Pedersen Britt Stævnsbo, Kirk Jeanette Wassar, Olesen Maren Kathrine, Grønfeldt Birk Mygind, Stefánsdóttir Nina Thórný, Brødsgaard Rasmus, Tjørnhøj-Thomsen Tine, Nilsen Per, Andersen Ove, Bandholm Thomas, Pedersen Mette Merete
Department of Clinical Research, Copenhagen University Hospital Amager and Hvidovre, Kettegård Alle 30, Hvidovre, 2650, Copenhagen, Denmark.
Department of Endocrinology, Copenhagen University Hospital, Amager and Hvidovre, Denmark.
Pilot Feasibility Stud. 2022 Apr 9;8(1):80. doi: 10.1186/s40814-022-01033-z.
Mobility interventions can prevent functional decline among older patients, but implementation of such interventions may be complicated by barriers in the clinical setting. The WALK-Copenhagen project (WALK-Cph) is aimed at promoting a 24-h mobility among older medical patients during hospitalization. The WALK-Cph intervention was co-designed by researchers and stakeholders to tailor the intervention to the clinical context. The aim of this study was to investigate the feasibility and implementation fidelity of the WALK-Cph intervention before evaluating clinical effectiveness in a randomized controlled trial (ClinicalTrials.gov NCT03825497).

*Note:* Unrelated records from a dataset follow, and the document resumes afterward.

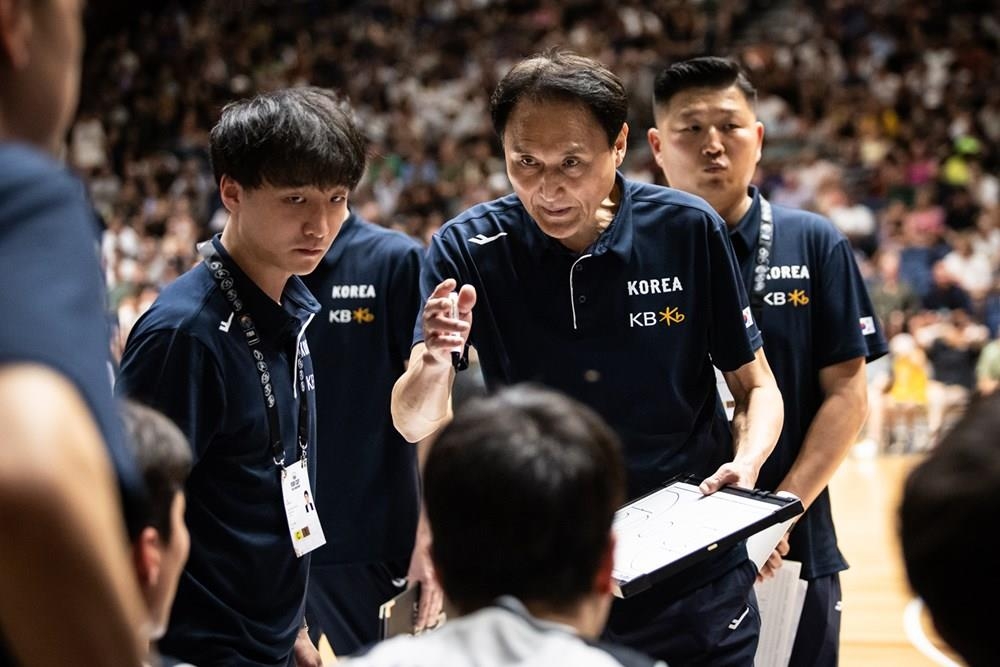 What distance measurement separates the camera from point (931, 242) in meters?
13.3

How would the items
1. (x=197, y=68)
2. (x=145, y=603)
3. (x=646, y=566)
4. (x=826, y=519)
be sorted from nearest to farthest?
1. (x=145, y=603)
2. (x=646, y=566)
3. (x=826, y=519)
4. (x=197, y=68)

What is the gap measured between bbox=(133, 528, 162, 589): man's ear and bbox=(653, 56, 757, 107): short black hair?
2583 millimetres

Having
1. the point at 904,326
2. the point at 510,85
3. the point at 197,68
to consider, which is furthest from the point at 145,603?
the point at 197,68

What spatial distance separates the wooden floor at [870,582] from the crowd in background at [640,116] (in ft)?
5.67

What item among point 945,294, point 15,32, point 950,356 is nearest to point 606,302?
point 15,32

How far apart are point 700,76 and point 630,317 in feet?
3.87

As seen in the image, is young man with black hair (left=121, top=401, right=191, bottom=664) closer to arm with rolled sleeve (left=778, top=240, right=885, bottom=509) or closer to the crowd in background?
arm with rolled sleeve (left=778, top=240, right=885, bottom=509)

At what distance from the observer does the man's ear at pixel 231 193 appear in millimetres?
2721

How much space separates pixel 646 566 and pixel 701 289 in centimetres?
87

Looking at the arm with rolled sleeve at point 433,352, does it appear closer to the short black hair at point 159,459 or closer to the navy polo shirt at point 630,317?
the navy polo shirt at point 630,317

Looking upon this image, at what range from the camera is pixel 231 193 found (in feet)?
9.02

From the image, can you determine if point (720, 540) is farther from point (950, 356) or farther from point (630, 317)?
point (950, 356)

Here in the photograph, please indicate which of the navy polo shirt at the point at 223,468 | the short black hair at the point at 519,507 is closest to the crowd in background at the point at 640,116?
the navy polo shirt at the point at 223,468

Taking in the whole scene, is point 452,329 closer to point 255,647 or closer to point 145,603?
point 255,647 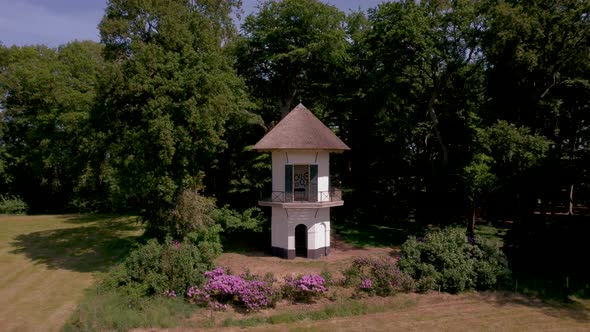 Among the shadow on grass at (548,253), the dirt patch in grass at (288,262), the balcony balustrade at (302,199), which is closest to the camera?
the shadow on grass at (548,253)

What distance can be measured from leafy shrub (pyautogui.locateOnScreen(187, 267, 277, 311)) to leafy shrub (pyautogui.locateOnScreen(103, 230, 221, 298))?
76 cm

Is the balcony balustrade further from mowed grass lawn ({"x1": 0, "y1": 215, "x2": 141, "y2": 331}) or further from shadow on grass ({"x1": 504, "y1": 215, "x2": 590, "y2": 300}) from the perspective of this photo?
shadow on grass ({"x1": 504, "y1": 215, "x2": 590, "y2": 300})

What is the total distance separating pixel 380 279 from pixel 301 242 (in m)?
7.53

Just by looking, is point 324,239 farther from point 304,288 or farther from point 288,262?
point 304,288

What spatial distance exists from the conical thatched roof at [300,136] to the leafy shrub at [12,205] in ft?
112

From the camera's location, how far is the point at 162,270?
17594 mm

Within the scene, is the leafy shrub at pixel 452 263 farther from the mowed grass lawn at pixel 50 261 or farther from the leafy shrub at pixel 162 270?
the mowed grass lawn at pixel 50 261

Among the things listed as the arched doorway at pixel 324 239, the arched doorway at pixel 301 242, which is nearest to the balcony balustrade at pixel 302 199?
the arched doorway at pixel 324 239

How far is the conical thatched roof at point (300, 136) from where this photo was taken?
21.3 metres

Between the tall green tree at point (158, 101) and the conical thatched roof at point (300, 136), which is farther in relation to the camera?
the conical thatched roof at point (300, 136)

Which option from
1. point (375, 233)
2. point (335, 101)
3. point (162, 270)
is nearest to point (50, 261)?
point (162, 270)

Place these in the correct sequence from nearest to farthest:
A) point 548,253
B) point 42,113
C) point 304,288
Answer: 1. point 304,288
2. point 548,253
3. point 42,113

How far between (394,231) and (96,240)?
22.8 m

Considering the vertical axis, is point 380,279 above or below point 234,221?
below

The WALK-Cph intervention consisted of six components: a welcome folder explaining the importance of in-hospital activity, a WALK-plan prescribing up to three daily walking sessions during and after hospitalization, a WALK-path in the hallway that patients were motivated to use daily, exercise posters in the hallways and bedrooms, self-service on beverages and clothes, and discharge with a WALK-plan. The present study reports on phase 2 of WALK-Cph and consists of a feasibility and a fidelity component. The study was conducted at the two WALK-Cph intervention departments after the initiation of the WALK-Cph intervention. A cohort of older medical patients (+65) was recruited for the feasibility study to assess recruitment and data collection procedures and the method for assessment of activity. Simultaneously, implementation fidelity was assessed by observing clinical practice and intervention delivery at the intervention departments.

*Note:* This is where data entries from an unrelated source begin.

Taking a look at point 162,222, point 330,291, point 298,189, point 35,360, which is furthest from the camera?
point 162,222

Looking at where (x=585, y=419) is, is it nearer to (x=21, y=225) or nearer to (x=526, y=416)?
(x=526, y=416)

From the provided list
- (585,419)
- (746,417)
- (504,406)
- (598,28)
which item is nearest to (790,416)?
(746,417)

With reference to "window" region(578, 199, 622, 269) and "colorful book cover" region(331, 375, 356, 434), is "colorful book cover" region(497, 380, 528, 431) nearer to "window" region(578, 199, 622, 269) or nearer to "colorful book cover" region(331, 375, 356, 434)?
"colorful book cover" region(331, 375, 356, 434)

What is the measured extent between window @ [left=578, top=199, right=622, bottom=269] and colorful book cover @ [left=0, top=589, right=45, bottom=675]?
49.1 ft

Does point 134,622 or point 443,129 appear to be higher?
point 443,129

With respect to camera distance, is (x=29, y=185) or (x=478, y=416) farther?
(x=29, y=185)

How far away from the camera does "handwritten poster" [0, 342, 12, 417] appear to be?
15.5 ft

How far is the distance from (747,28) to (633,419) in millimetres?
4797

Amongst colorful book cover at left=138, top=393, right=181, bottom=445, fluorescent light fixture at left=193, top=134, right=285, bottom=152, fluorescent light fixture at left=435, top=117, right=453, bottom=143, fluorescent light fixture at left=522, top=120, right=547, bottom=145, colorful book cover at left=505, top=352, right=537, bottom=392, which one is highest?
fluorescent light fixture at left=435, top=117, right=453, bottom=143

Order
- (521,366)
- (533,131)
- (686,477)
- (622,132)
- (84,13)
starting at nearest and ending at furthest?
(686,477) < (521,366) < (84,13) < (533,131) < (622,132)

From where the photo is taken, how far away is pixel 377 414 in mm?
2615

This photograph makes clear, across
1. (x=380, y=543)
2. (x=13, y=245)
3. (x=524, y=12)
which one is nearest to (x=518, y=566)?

A feasibility cohort of 48 patients was included. Inclusion was considered feasible with recruitment rates between 62% and 70% of all eligible patients. Also, data collection was conducted without obstacles, and all patients accepted to wear activity monitors. The fidelity observations showed that three of the six intervention components were partially implemented as planned whereas three components were not implemented as planned.
The WALK-Cph intervention was found feasible, and although the intervention was not implemented with fidelity, the level of fidelity was considered sufficient to continue with further testing of the WALK-Cph intervention in a large-scale trial.

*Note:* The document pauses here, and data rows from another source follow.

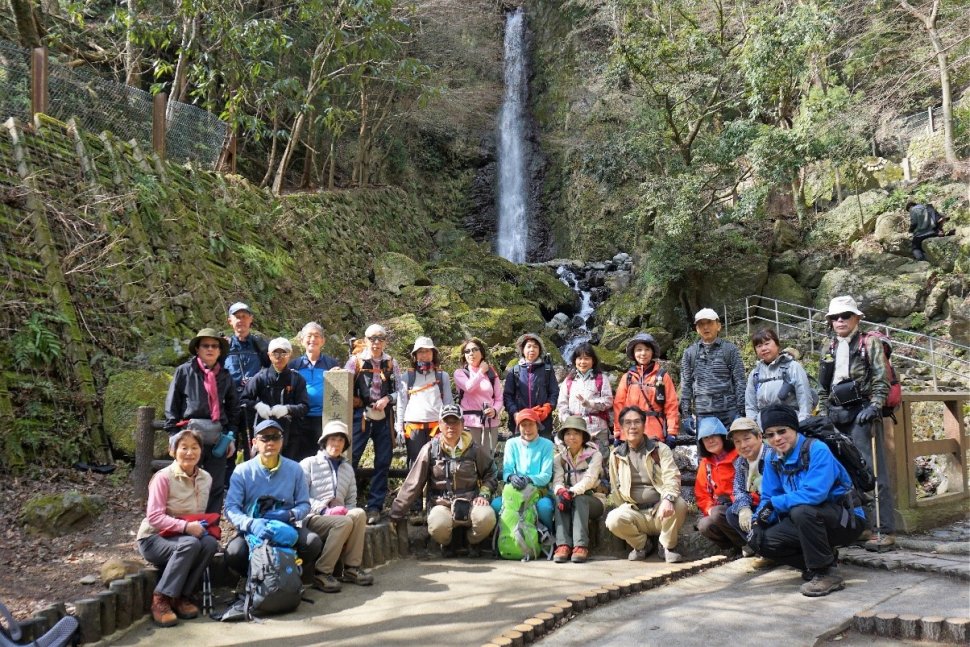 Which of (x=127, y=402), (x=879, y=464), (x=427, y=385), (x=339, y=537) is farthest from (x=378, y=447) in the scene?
(x=879, y=464)

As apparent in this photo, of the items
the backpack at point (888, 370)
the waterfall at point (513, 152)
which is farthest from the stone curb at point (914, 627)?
the waterfall at point (513, 152)

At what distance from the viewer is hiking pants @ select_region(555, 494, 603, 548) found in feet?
16.8

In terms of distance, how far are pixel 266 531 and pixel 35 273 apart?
424 cm

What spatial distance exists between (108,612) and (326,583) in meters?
1.27

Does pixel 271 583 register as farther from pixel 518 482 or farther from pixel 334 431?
pixel 518 482

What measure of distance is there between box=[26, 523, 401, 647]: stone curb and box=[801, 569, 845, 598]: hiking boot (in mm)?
3765

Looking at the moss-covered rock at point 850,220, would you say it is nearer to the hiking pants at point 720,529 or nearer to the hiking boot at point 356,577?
the hiking pants at point 720,529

ClinicalTrials.gov NCT03825497 (retrospectively registered). Protocol PubMed ID (PMID): 29523569.
运动干预可预防老年患者功能衰退,但在临床环境中实施此类干预可能会因各种障碍而变得复杂。哥本哈根步行项目(WALK-Cph)旨在促进老年内科住院患者24小时的活动能力。WALK-Cph干预措施是由研究人员和利益相关者共同设计的,以使其适应临床环境。本研究的目的是在一项随机对照试验(ClinicalTrials.gov NCT03825497)中评估临床疗效之前,调查WALK-Cph干预措施的可行性和实施保真度。
WALK-Cph干预措施包括六个部分:一个解释住院期间活动重要性的欢迎文件夹、一份规定住院期间及出院后每天最多进行三次步行活动的步行计划、一条鼓励患者每天使用的走廊步行路径、走廊和病房里的运动海报、饮料和衣物自助服务以及携带步行计划出院。本研究报告了WALK-Cph的第二阶段,包括可行性和保真度两个部分。该研究在WALK-Cph干预措施启动后,于两个干预科室进行。招募了一组老年内科患者(65岁以上)进行可行性研究,以评估招募和数据收集程序以及活动评估方法。同时,通过观察干预科室的临床实践和干预措施的实施情况来评估实施保真度。
纳入了一个由48名患者组成的可行性队列。所有符合条件患者的招募率在62%至70%之间,纳入被认为是可行的。此外,数据收集没有障碍,所有患者都同意佩戴活动监测器。保真度观察表明,六个干预部分中有三个部分按计划部分实施,而有三个部分未按计划实施。
发现WALK-Cph干预措施是可行的,尽管干预措施的实施不完全保真,但保真度水平被认为足以在大规模试验中继续对WALK-Cph干预措施进行进一步测试。
ClinicalTrials.gov NCT03825497(追溯注册)。方案PubMed ID(PMID):29523569。